Loss of faith occurs for a variety of reasons, leaving significant psychological scars. Having to rebuild life from the ground up without the help of our former community and the strength of our former beliefs is a daunting task. If we are married to a still-believing spouse, the task becomes significantly more challenging. In a society where religious faith is encouraged (or in some cases, demanded) can make our exit from the faith community formidable if we lack the adequate education required to support ourselves. Those who leave groups such as the Amish, LDS, Jehovah's Witnesses, and Scientology find themselves utterly alone and cut off from all family. Those who leave Islam face the very real threat of torture and death.
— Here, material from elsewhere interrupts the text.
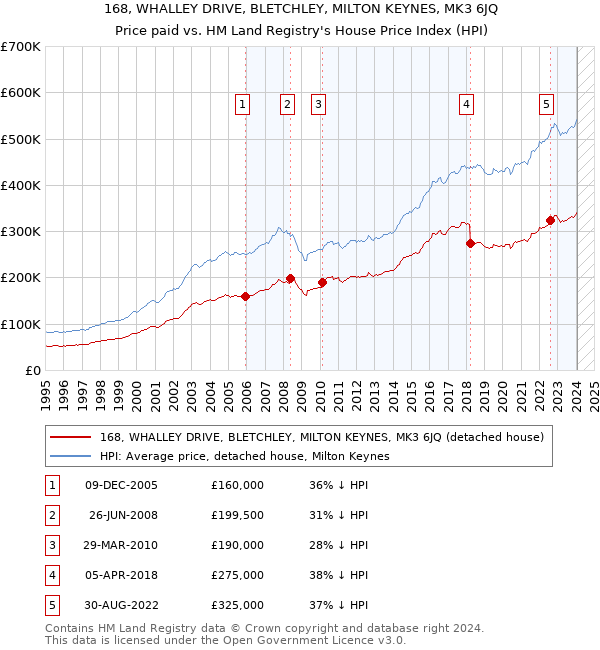 168, WHALLEY DRIVE, BLETCHLEY, MILTON KEYNES, MK3 6JQ: Price paid vs HM Land Registry's House Price Index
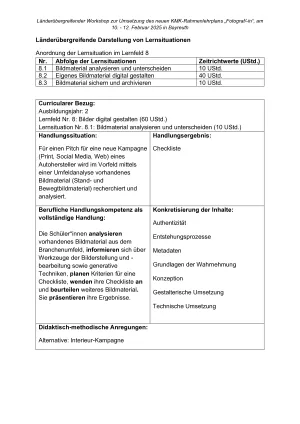 Unterrichtsplanung: Lernsituationen „Bilder digital gestalten“ (LF 8)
It is not just a matter of simply growing up, waking up, or disbelieving in Santa Claus or the Easter Bunny. When your life has revolved around your faith, and your energy and resources have all been devoted to that end, breaking from the group can leave you utterly bereft and extremely vulnerable in a secular society that often does not understand your multiple losses. In addition to the fear, confusion, and anger we may feel, we are engulfed by ambiguous loss, disenfranchised grief, and unresolved grief.
You may be familiar with the phrase "Closure only occurs in real estate." Ambiguous losses occur when there is no closure for the bereaved; no body to bury. For us, this means the dissolution of our entire world view. With no understanding of our loss by the secular community, our grief is also disenfranchised: It is unrecognized by society because of its relative and subjective nature. Society at large cannot relate. Not permitted to grieve our losses, we suffer with unresolved grief, which is cumulative and can be re-opened. Essentially, unresolved grief is a form of unfinished business, and it can show up in our life in detrimental ways. Sometimes, we do not understand why certain situations or people evoke from us seemingly disproportionate reactions which may, in fact, be the result of unresolved grief from ambiguous loss.
Our beliefs form our views of the world. They are like a pair of glasses that we put on every single day, affecting how we interpret everything that we see and experience. Beliefs become attachments which we hold to varying degrees, for good or ill. It is impossible to overestimate the control that attachment, loss, and grief hold over us. Suffering comes when we do not recognize our attachments and we fail to complete the necessary tasks of grieving our losses.